## Your goal
Using the records below, output the stretch that opens with the line containing "Woman with a" and closes with the line containing "桃核把件平谷野生原树血麒麟", exactly and including both lines, with nothing more.

## The data

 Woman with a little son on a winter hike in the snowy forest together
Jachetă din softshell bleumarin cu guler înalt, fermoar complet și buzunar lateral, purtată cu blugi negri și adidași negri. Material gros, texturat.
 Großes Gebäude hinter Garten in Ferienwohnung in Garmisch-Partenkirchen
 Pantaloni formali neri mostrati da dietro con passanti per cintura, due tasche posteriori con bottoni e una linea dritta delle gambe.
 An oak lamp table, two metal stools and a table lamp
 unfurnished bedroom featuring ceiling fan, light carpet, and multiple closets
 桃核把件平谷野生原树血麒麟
==
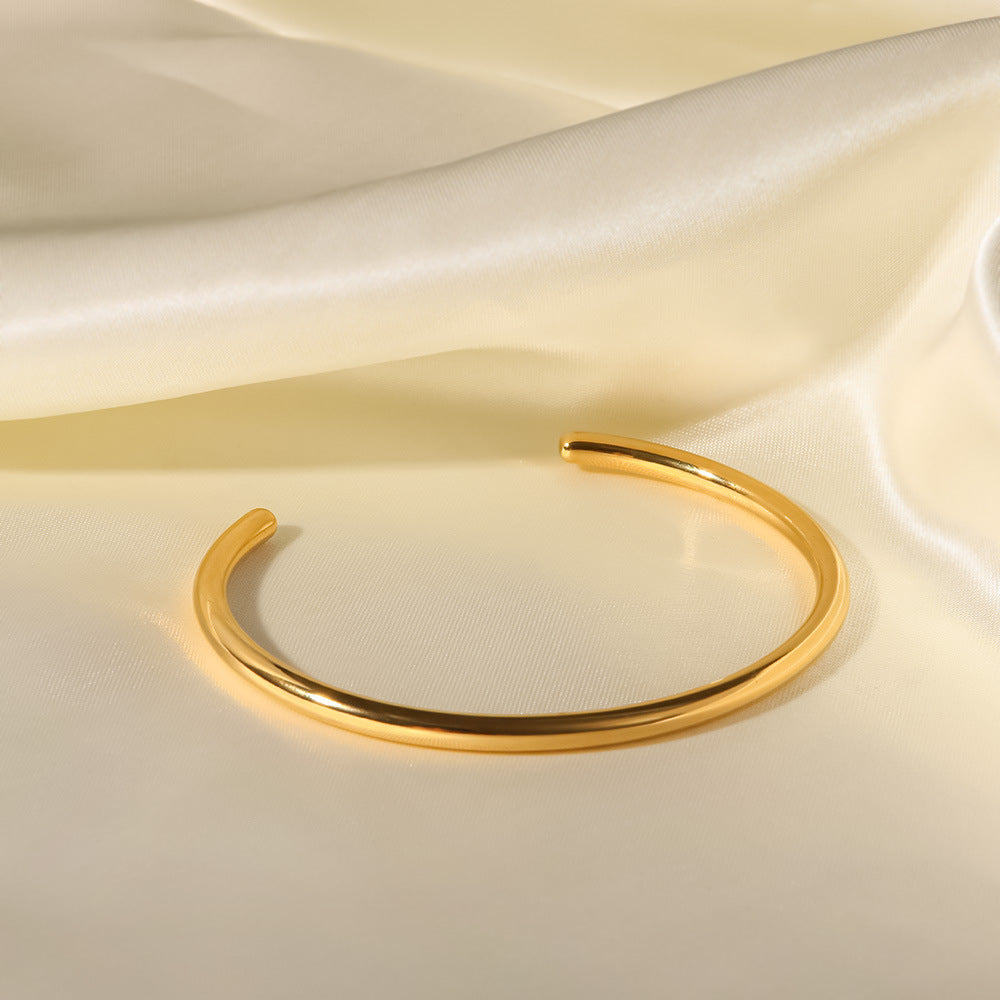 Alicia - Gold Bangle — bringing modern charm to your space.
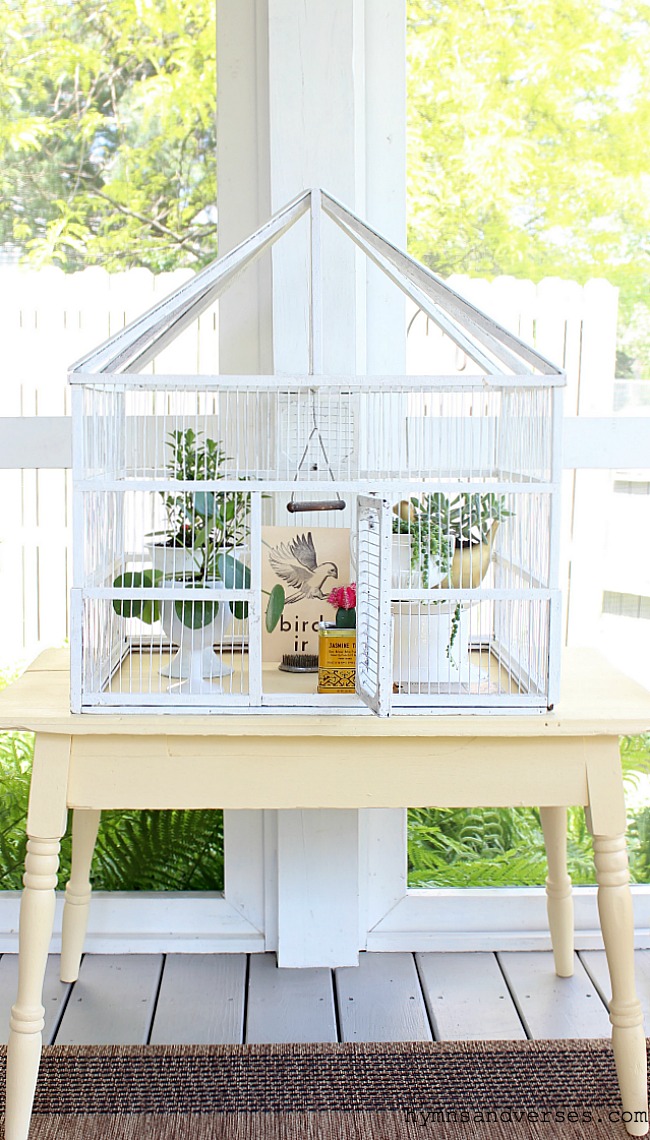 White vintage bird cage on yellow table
...
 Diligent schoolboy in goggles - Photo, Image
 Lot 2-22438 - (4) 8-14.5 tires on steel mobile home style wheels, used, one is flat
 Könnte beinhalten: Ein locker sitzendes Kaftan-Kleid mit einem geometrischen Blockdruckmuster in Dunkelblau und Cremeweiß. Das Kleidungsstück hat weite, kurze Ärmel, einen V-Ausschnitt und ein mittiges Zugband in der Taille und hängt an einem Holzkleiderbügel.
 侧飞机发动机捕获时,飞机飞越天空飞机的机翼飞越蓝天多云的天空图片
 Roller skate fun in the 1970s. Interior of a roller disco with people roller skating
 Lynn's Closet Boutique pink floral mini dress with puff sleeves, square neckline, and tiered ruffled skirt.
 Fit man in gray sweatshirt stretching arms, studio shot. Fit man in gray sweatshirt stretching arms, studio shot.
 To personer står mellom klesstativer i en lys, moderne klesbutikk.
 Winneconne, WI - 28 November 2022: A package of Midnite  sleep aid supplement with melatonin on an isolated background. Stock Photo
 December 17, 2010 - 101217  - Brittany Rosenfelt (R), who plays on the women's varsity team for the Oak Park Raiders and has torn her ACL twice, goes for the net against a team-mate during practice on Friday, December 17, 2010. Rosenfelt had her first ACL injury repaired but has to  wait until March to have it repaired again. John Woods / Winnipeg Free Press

## Solution
 Woman with a little son on a winter hike in the snowy forest together
Jachetă din softshell bleumarin cu guler înalt, fermoar complet și buzunar lateral, purtată cu blugi negri și adidași negri. Material gros, texturat.
 Großes Gebäude hinter Garten in Ferienwohnung in Garmisch-Partenkirchen
 Pantaloni formali neri mostrati da dietro con passanti per cintura, due tasche posteriori con bottoni e una linea dritta delle gambe.
 An oak lamp table, two metal stools and a table lamp
 unfurnished bedroom featuring ceiling fan, light carpet, and multiple closets
 桃核把件平谷野生原树血麒麟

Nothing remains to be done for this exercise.